IPE Institutional Investment: Brasilien wird derzeit immer gerne als „Gesicht“ der Schwierigkeiten von Emerging Markets herangezogen, sind auch Sie hier weiterhin skeptisch?
Hardingham: Brasilien hat unseres Erachtens weiterhin ein großes Fiskalproblem. Die Ausgaben des Staates passen nicht zur derzeitigen Einnahmensituation. Hier stehen wir am Anfang von schmerzhaften Einschnitten, wie das Beispiel Rio bereits zeigt. Wir haben derzeit zwar ein kleines Exposure im Inflation Linked Bonds Bereich in Brasilien, aber haben das Currency-Exposure komplett abgesichert. Ohne Neuwahlen mit einer breiten Regierungsmehrheit als Resultat sehe ich keinen starken Rebound in Brasilien.

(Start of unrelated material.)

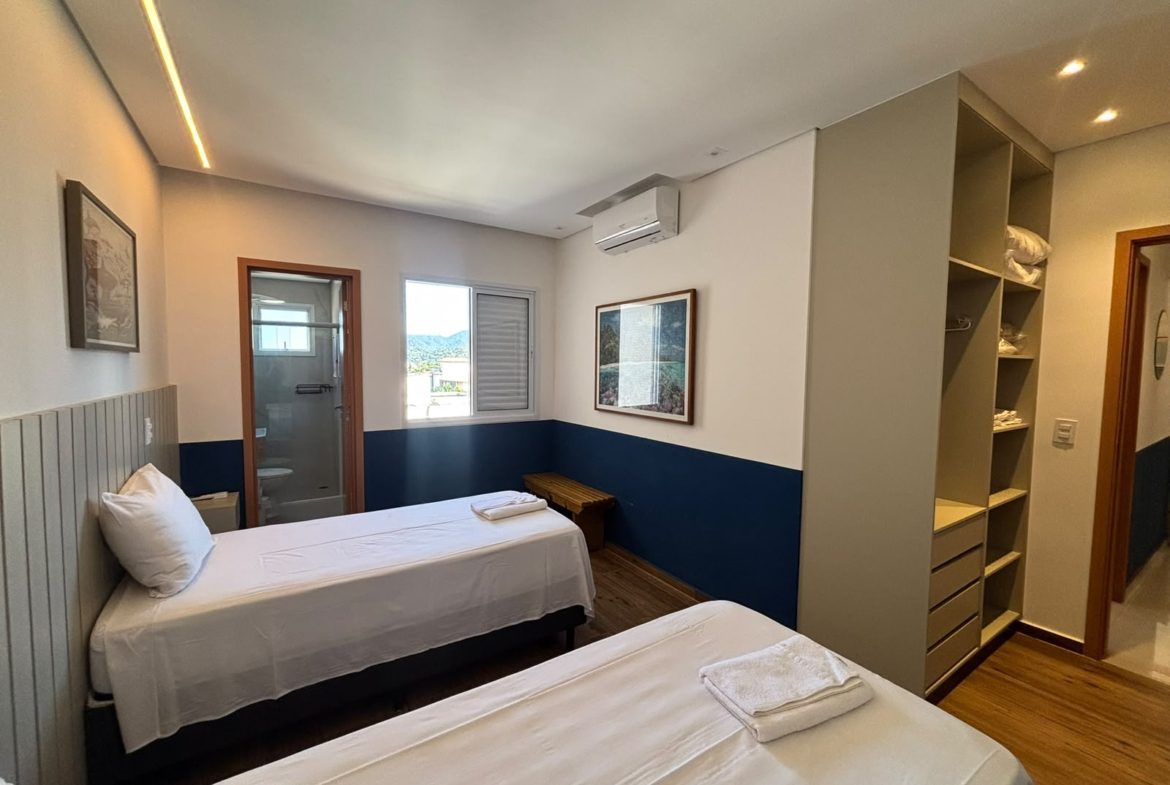Suíte do apartamento de 80 m² no Itaguá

IPE Institutional Investment: Letzte Frage Nick – sehen Sie den Brexit für die Emerging Markets an sich eher positiv oder negativ. Zumindest seitens der Fed dürfte in diesem Jahr durch weitere Zinserhöhungen kaum mehr Gegenwind für die Märkte kommen…
Hardingham: Der Brexit war beinahe ein „non event“ für die Emerging Markets, weil Großbritannien kein bedeutender Handelspartner für die Mehrheit dieser Länder ist. Beunruhigend für die Schwellenländer und die Assetklasse EM Debt wäre, wenn nun weitere Länder der EU, die regen Handel mit den Emerging Markets betreiben, dem Beispiel Großbritanniens folgen würden.

IPE Institutional Investment: Vielen Dank für diese Einblicke.